O Nova Emoção já existe porque já está escrita, publicada e documentada. Não há perigo de “morrer antes de nascer”. Se não vingar será por falta de vontade própria ou preguiça. O momento de Sábado passado foi apenas uma representação, e só representação, dessa subida repentina. João Alves Marrucho e os amigos ainda não sofrem do excesso de visibilidade que normalmente se torna contraproducente.
Se a conferência soava a promoção/propaganda era porque estava a falar do assunto com prazer. Não quis, nem posso, fazer um manifesto Nova Emoção. Percebendo o que é Nova Emoção ainda não a sei fazer. Tentei uma aproximação vestindo as Levis 506 verdes do JAM, oferecendo Um Bongo e correndo como o Tom Sawyer!
Ainda no Sábado, na conversa que se desenvolveu no final da apresentação do trabalho “Plural” do João Sousa Cardoso e da Daniela Paes Leão comentou-se o jeito que Portugal tem para fazer revoluções fora do tempo e a propósito de umas “mulheres do povo” que dançavam na Praça da Liberdade com o grupo “Parrachas Terrorista/Xoxóta Bombista” dizia-se que estavam a dotar o espaço público de sentido. Gosto muito da expressão que o João Sousa Cardoso e gosto ainda mais de quem a concretiza: por isso valorizo a malta da Nova Emoção. Estão a criar uma Realidade mais sua e só não compram mais discos porque editam os seus…
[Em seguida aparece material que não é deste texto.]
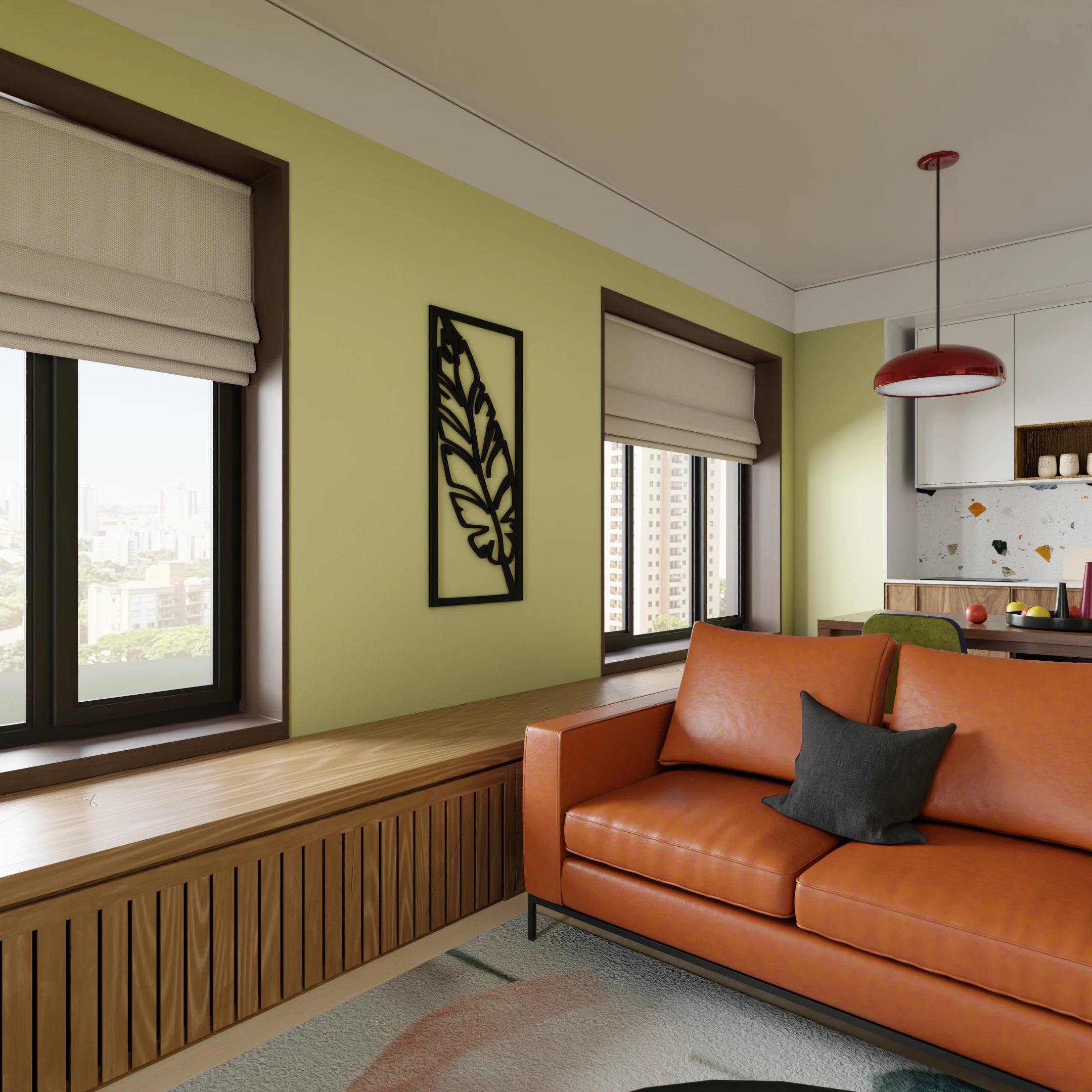 Metafurn Tropical Leaf decorative wood wall art for interiors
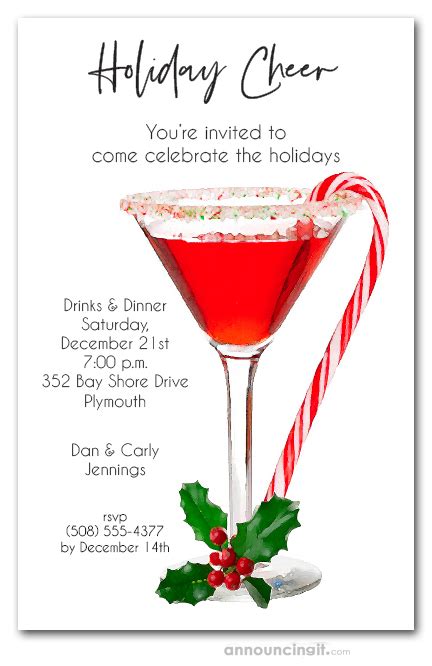 Candy Cane Martini Holiday Christmas Cocktail Party Invitations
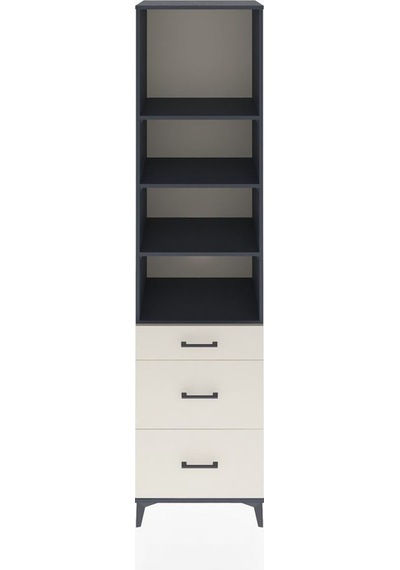 Hyperion Dolap 4 Raflı 3 Çekmeceli 60x44x243 Antrasit-aytaşı Antrasit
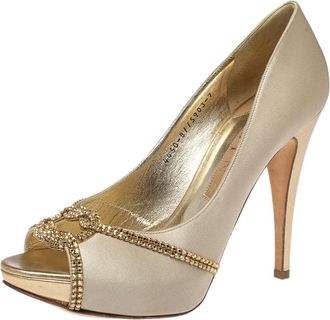 Gina Beige Satin Crystal Embellished Peep Toe Pumps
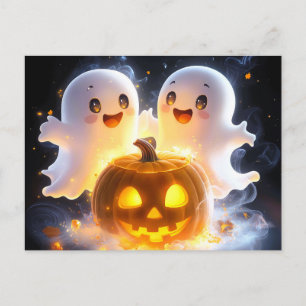 Carte Postale Faire-part Famille de fantômes mignons d'Halloween Citrouille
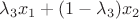 $\lambda _3 x_1  + (1 - \lambda _3 )x_2 $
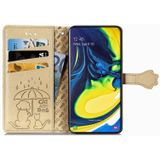 Voor Galaxy A80/A90 Cute Kat en Hond relif horizontale flip lederen zaak met beugel / kaartsleuf / portemonnee / Lanyard (Goud)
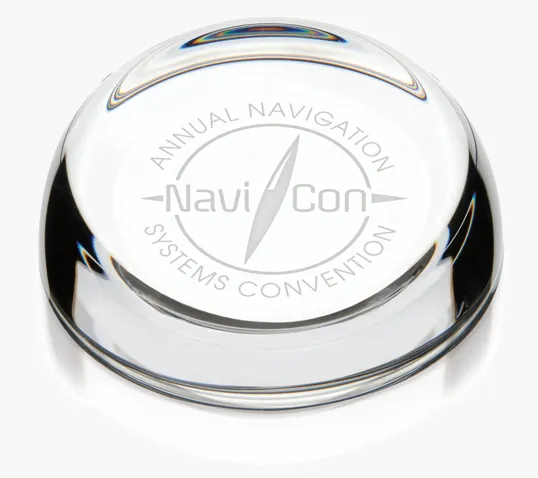 JAFFA® Clear Slant-Top Glass Paperweight — view 3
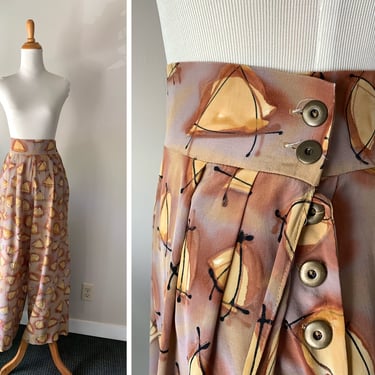 Vintage 1990s 30s-Inspired Abstract Earthtone Wide Leg High Waist Pants Trousers| Size Medium 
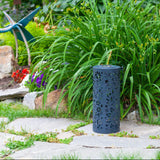 Bloom Punched Metal Solar Lantern - Midnight Blue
Hoje passei o dia na rua e ouvi por várias vezes expressões como “o que é que havemos de fazer?”, “eu vou p’ra Espanha” ou “é o país que temos…”.
Esta mão entristeceu-se com a resposta do André - o tal rapaz das calças verdes e autor da conferência/performance.
A tua acção foi marcadamente honesta e não tens nenhuma razão para te justificares desta maneira. Se acreditasses em ti como nós acreditamos estarias mais liberto destas pressões causadas pelo exterior!!
O que decidiste apresentar nesta exposição foi arriscado mas sincero. E isso tem para nós um elevado valor! Transmitiste muito bem, com honestidade e verdade aquilo que sentes!
Agradecemos-te por isso!
Não te inibas! Sorri e se preferires e tiveres vontade ri com força! Liberta-te, não há nada a temer!
Obrigada pelo Bongo! Seguramos com as duas mãos o delicioso sumo enquanto as outras duas batiam palmas!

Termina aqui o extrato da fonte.